If a task has the capability to call setresuid, it can already achieve
the same thing by calling the system call directly.  All system calls
operate on a per-task credential structure, not a process-wide one.

Even if tasks with different credentials share the same address space,
this does not make those credentials equivalent.  It is still necessary
to affect execution in such a way that one task performs an action on
behalf of another task which has different credentials.  Whether this is
more difficult or easier if a new process is spawned for each different
credential depends on many factors.

> For fsuid/fsgid, we already have per-thread behavior, and it's
> somewhat reasonable because there's an understanding that this is
> *not* restricting the privilege of the thread, just performing fs
> access "as if" by another user/group (you always have the privilege to
> revert fsuid/fsgid changes anyway).
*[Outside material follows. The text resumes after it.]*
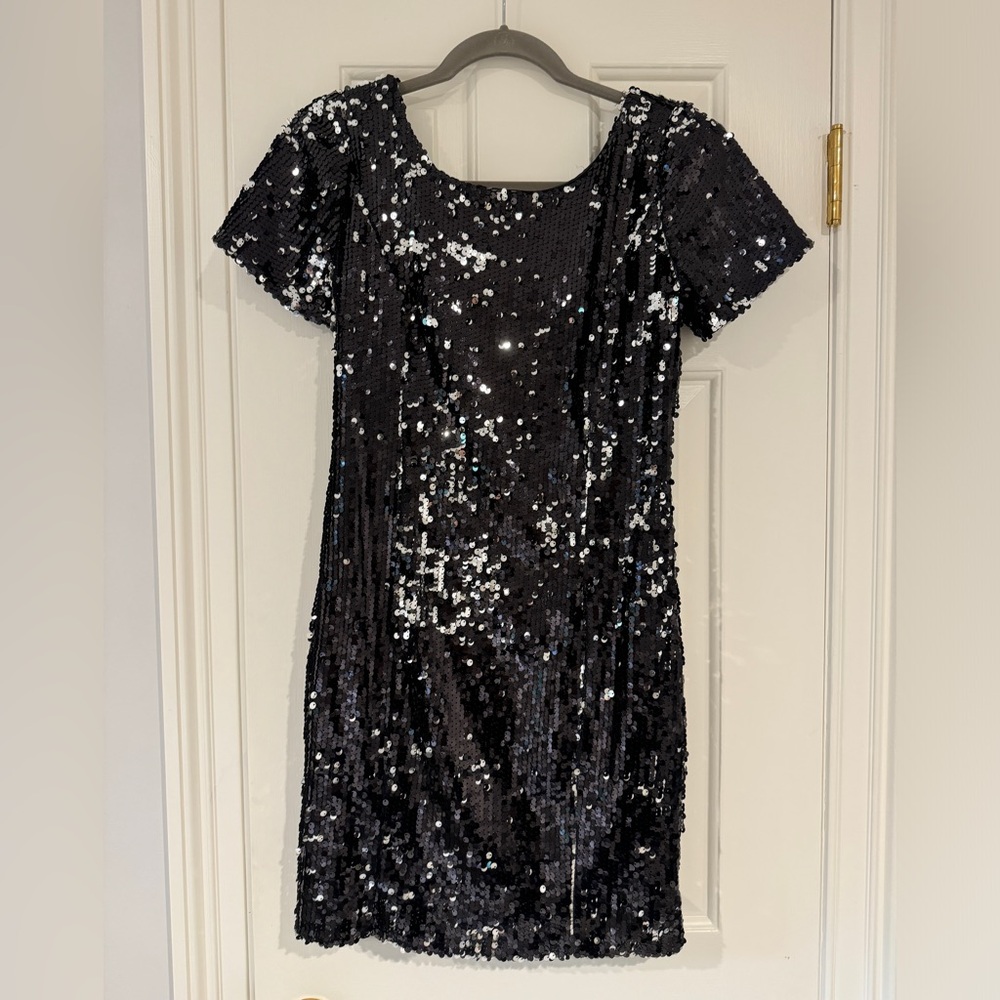 Milky Black Sequin Mini Dress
The useful part of the new
> functionality your patch adds seems to just duplicate this, and the
> remainder of the new functionality all seems actively dangerous,
> creating a false impression that you can make isolated security
> contexts as threads within a process.

setfsuid and setfsgid do not allow any error checking, so you have to
parse /proc to see if the kernel gave you the requested values.
Originally, they were introduced because at the time, the kernel would
allow sending signals to processes whose effective user ID was the same
as the current process.  That is obviously bad if a file server changes
effective IDs to get permission checking as that user from the kernel
because it allows the user to terminate the server process.  Today,
effective IDs are no longer used for signal permission checks, and
fsuid/fsgid is obsolete.

And on most systems, fsuid/fsgid alone allows full escalation to the
target user anyway, via dotfiles and similar mechanisms.